(TASK TO CARRY OUT):
Read through the records below and copy each line that uses the word "brown".

↓↓↓

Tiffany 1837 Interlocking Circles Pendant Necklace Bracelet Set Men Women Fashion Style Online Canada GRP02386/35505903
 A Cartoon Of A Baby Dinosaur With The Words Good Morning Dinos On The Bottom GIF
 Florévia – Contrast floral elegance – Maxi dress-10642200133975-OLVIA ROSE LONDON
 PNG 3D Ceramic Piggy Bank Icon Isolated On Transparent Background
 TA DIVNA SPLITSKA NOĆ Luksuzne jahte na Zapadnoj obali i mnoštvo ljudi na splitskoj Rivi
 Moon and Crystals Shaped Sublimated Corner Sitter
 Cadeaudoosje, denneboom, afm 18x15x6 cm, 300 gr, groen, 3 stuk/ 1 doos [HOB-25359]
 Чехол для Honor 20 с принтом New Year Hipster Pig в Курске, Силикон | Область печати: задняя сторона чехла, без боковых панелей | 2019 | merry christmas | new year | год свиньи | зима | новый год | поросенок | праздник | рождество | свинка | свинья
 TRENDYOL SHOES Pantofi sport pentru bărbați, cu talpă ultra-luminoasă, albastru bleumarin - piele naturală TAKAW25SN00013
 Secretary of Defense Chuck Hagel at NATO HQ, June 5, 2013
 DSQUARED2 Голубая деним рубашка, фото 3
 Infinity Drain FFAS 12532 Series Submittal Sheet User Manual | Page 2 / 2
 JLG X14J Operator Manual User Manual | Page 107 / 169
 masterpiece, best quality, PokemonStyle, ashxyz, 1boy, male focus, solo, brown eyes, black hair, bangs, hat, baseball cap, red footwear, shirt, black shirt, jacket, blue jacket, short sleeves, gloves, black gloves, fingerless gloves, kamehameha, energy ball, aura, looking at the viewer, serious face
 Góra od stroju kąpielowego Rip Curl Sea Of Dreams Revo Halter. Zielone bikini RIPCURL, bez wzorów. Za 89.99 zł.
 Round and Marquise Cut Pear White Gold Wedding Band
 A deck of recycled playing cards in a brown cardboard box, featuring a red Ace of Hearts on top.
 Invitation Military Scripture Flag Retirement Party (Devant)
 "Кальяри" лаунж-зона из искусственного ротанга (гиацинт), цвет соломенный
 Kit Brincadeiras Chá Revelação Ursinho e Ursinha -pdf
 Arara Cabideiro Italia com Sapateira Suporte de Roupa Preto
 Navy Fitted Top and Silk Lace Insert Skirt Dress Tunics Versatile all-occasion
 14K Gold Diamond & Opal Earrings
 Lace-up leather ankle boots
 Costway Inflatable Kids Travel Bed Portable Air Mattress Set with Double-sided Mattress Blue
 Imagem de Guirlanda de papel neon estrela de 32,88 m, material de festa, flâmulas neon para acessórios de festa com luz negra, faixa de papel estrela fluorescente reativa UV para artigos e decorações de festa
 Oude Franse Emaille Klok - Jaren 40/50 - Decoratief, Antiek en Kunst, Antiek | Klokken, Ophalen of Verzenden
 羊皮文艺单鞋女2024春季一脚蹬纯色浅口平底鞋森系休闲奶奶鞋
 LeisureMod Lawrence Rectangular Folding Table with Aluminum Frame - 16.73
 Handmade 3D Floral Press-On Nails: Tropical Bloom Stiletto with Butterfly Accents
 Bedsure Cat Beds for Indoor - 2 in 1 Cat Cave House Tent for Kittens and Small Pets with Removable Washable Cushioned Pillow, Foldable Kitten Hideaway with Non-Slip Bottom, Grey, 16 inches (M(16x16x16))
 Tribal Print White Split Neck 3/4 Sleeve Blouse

↑↑↑

(RESPONSE TO THIS EXERCISE):
 masterpiece, best quality, PokemonStyle, ashxyz, 1boy, male focus, solo, brown eyes, black hair, bangs, hat, baseball cap, red footwear, shirt, black shirt, jacket, blue jacket, short sleeves, gloves, black gloves, fingerless gloves, kamehameha, energy ball, aura, looking at the viewer, serious face
 A deck of recycled playing cards in a brown cardboard box, featuring a red Ace of Hearts on top.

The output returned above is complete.